GOAL OF THE EXERCISE: Among the lines below, restate word for word only those from the line with "Ótott Róbert és Dobai János" through the line with "Roulette de découpe", with both end lines kept.

◇ ◇ ◇ ◇ ◇

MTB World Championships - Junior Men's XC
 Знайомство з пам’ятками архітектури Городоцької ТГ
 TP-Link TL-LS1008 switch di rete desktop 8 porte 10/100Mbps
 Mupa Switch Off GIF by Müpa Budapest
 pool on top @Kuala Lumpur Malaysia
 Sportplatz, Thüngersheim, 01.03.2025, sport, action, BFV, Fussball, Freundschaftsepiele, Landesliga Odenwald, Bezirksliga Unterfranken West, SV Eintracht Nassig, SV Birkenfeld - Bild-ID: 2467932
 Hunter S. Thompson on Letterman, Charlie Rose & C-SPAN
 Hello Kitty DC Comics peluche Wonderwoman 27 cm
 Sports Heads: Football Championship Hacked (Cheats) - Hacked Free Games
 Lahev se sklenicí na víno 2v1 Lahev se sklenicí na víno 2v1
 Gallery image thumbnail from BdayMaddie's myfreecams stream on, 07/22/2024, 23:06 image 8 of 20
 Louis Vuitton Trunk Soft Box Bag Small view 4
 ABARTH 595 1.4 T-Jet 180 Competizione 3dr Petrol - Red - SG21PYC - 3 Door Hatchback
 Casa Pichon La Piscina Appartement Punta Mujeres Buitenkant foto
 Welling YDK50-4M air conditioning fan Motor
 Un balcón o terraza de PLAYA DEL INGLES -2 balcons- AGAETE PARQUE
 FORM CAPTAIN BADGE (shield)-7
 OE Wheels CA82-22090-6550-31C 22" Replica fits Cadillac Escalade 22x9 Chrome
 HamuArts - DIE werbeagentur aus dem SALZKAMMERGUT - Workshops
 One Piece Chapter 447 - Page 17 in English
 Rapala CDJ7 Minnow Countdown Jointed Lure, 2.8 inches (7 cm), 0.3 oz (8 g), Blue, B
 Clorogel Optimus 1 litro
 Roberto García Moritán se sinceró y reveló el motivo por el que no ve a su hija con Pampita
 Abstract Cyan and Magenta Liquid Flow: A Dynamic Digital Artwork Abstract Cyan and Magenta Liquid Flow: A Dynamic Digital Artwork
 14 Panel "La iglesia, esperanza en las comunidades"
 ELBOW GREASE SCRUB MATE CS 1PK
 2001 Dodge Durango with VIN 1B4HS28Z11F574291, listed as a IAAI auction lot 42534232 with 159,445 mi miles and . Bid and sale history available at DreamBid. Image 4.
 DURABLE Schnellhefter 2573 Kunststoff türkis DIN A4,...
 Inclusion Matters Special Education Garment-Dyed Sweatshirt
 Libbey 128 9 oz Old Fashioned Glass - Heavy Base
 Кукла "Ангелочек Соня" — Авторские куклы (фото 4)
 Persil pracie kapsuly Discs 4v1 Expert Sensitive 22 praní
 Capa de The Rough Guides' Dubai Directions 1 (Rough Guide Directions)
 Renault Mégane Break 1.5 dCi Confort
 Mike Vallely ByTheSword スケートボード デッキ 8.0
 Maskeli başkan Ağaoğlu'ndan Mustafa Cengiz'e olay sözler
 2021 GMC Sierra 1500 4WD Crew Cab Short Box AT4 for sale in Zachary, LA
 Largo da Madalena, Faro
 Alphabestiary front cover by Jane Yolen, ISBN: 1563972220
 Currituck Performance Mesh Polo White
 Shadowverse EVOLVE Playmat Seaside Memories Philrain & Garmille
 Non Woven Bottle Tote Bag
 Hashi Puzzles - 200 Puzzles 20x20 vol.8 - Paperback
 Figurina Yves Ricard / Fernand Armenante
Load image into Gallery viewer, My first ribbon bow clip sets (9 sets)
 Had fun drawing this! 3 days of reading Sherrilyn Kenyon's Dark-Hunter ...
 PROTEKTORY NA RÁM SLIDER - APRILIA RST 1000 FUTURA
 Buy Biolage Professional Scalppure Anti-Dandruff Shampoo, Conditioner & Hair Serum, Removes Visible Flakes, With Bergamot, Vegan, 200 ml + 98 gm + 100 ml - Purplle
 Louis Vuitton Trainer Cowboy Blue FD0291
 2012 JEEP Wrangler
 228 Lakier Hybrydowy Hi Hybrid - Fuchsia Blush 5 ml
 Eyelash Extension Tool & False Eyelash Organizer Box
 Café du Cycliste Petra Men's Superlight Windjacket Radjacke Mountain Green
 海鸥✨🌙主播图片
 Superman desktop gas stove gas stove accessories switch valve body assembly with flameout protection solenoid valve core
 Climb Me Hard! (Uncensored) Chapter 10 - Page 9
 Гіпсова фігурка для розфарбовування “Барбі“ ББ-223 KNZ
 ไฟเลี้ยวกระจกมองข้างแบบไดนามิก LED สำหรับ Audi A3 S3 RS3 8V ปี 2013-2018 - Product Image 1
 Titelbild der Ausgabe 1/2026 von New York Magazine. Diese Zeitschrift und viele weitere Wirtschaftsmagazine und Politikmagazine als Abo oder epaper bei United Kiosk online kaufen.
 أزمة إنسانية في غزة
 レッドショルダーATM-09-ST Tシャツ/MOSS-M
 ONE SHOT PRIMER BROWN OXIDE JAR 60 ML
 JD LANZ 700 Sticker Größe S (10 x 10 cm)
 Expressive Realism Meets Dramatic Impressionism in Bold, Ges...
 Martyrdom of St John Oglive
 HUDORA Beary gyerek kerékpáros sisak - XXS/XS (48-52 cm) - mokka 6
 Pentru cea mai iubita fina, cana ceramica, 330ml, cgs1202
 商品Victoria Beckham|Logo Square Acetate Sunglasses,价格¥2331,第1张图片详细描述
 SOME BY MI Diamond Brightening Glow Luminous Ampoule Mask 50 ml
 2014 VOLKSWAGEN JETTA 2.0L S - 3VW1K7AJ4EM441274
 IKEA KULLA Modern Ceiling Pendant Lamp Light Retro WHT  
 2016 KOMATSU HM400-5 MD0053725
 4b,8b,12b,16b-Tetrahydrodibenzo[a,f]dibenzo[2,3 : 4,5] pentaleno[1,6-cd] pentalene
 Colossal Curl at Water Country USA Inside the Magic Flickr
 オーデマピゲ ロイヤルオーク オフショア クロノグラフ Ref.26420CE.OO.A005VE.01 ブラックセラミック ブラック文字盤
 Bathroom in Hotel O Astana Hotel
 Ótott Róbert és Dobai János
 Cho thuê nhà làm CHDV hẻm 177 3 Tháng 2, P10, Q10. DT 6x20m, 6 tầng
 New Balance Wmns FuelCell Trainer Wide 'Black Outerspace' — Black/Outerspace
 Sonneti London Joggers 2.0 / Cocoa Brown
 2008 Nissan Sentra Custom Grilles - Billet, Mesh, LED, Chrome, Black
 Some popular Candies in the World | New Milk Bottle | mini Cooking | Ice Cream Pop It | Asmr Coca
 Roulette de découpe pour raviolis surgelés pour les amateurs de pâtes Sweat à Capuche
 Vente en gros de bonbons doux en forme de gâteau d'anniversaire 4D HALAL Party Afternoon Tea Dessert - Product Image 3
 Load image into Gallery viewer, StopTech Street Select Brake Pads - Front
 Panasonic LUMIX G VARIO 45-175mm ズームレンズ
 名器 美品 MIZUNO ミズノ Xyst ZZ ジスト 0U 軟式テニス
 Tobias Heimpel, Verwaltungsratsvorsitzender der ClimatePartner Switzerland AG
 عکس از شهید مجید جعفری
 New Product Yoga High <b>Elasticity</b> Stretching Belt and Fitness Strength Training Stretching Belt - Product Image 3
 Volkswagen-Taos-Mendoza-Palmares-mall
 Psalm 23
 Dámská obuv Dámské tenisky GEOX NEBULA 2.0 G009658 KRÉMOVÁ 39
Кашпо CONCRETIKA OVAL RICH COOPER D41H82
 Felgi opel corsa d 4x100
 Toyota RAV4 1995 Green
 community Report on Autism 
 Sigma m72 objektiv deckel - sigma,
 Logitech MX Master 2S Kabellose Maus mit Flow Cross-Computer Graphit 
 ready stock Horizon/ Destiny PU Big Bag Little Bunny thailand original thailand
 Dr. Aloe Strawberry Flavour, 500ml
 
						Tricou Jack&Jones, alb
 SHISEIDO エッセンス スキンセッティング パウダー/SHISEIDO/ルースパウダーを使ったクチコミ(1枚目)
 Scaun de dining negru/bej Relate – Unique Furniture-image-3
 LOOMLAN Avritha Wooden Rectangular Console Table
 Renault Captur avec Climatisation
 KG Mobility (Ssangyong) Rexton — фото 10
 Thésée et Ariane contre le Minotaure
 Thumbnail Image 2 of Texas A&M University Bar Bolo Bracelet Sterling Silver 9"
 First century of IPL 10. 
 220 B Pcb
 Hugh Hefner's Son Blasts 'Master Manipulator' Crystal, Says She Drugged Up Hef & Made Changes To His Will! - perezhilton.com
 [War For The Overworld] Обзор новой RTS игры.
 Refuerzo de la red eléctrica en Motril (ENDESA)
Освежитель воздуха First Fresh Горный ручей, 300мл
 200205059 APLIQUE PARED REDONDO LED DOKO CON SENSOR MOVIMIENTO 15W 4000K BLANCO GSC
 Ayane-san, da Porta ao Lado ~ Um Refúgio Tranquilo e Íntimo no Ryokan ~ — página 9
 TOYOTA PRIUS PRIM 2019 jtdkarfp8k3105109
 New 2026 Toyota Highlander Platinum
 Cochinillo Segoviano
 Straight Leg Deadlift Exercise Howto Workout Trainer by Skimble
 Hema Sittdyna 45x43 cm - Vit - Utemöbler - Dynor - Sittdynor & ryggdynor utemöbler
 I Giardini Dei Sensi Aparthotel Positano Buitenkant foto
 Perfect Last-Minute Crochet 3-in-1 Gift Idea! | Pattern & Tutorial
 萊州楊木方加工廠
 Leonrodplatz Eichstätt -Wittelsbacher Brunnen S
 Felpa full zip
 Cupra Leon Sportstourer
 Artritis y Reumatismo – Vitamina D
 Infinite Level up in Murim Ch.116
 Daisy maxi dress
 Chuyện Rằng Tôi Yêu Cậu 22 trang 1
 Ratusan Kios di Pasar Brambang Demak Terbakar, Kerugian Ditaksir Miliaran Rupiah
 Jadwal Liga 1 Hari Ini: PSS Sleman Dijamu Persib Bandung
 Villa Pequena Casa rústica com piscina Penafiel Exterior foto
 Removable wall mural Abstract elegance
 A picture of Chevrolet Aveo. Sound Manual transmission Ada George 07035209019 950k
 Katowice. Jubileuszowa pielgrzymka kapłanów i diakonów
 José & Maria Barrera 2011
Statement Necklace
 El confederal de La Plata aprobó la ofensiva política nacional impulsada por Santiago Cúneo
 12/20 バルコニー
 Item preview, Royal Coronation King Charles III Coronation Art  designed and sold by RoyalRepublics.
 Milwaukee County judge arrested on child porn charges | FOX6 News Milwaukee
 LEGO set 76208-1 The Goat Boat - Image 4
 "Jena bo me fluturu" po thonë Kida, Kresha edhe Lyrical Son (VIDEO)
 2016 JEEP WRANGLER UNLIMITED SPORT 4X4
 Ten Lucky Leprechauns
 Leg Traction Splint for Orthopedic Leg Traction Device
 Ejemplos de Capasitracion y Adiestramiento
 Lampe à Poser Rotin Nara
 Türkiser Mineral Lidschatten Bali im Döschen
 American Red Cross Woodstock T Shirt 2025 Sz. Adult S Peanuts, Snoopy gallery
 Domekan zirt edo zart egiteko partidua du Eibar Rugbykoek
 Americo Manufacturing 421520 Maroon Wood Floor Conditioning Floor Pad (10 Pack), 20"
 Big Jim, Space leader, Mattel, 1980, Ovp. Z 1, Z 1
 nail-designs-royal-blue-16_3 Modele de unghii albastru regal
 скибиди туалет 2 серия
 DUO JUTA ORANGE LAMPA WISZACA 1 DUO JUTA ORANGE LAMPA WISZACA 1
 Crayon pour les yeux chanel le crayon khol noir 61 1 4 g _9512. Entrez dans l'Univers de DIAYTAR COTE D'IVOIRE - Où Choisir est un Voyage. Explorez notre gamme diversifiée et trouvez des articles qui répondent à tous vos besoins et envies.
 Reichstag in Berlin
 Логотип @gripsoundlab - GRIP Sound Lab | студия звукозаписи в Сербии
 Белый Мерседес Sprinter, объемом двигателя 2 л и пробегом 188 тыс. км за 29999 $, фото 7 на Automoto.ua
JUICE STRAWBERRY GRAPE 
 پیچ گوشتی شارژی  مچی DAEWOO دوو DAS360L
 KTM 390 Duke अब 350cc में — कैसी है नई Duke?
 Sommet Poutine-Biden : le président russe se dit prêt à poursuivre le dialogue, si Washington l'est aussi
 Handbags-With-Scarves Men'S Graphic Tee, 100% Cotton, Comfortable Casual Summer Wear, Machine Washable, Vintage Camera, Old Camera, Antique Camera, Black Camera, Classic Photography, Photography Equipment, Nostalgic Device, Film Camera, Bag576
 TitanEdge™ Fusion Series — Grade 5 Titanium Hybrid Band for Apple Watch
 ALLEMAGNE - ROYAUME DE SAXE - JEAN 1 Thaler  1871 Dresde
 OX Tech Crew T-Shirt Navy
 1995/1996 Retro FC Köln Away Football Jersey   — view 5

◇ ◇ ◇ ◇ ◇

OUTPUT BELOW:
 Ótott Róbert és Dobai János
 Cho thuê nhà làm CHDV hẻm 177 3 Tháng 2, P10, Q10. DT 6x20m, 6 tầng
 New Balance Wmns FuelCell Trainer Wide 'Black Outerspace' — Black/Outerspace
 Sonneti London Joggers 2.0 / Cocoa Brown
 2008 Nissan Sentra Custom Grilles - Billet, Mesh, LED, Chrome, Black
 Some popular Candies in the World | New Milk Bottle | mini Cooking | Ice Cream Pop It | Asmr Coca
 Roulette de découpe pour raviolis surgelés pour les amateurs de pâtes Sweat à Capuche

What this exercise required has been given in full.